# WHAT TO DO:
Restate the whole of the data below word for word, skipping the images.

# SUPPLIED INFORMATION:
==================================================

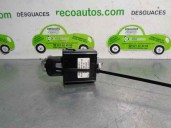 Recambio de conmutador de arranque para mitsubishi space star (a00) 1.2 referencia OEM IAM 8637B421  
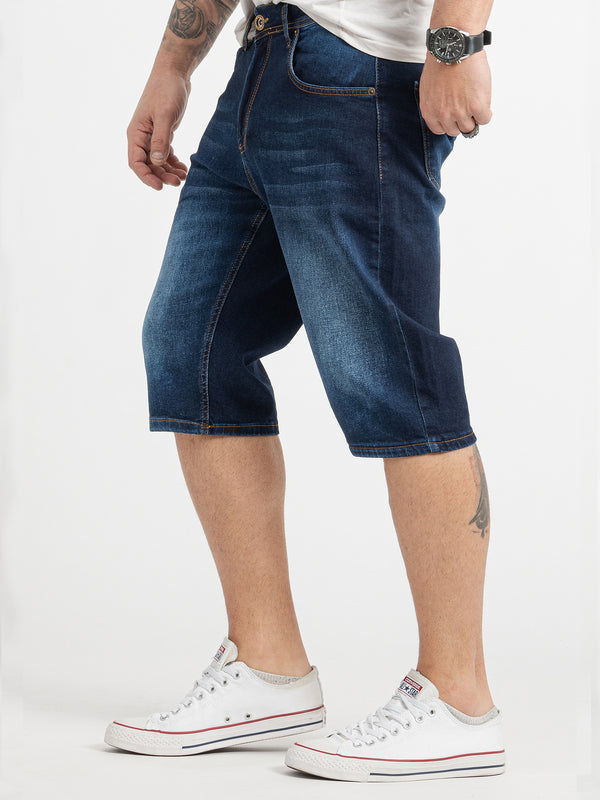 Rock Creek Herren Jeans Shorts RC-2423_87059.jpg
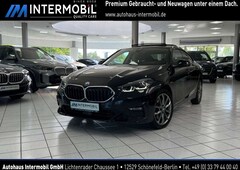 Bild des Angebotes BMW 220 d Sport-Line PANO*KAM*SHADOW*DAB*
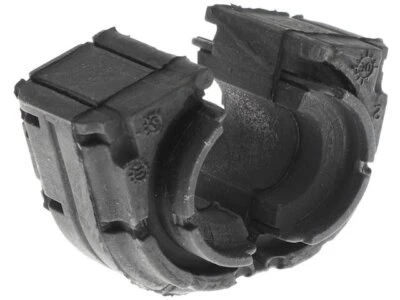 Buje de barra estabilizadora trasero para Volkswagen GTI 2008-2014 51785JXPK 2009 2010 2011 2012 Foto 1 de 2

==================================================

# ANSWER AREA:
 Recambio de conmutador de arranque para mitsubishi space star (a00) 1.2 referencia OEM IAM 8637B421  
 Rock Creek Herren Jeans Shorts RC-2423_87059.jpg
 Bild des Angebotes BMW 220 d Sport-Line PANO*KAM*SHADOW*DAB*
 Buje de barra estabilizadora trasero para Volkswagen GTI 2008-2014 51785JXPK 2009 2010 2011 2012 Foto 1 de 2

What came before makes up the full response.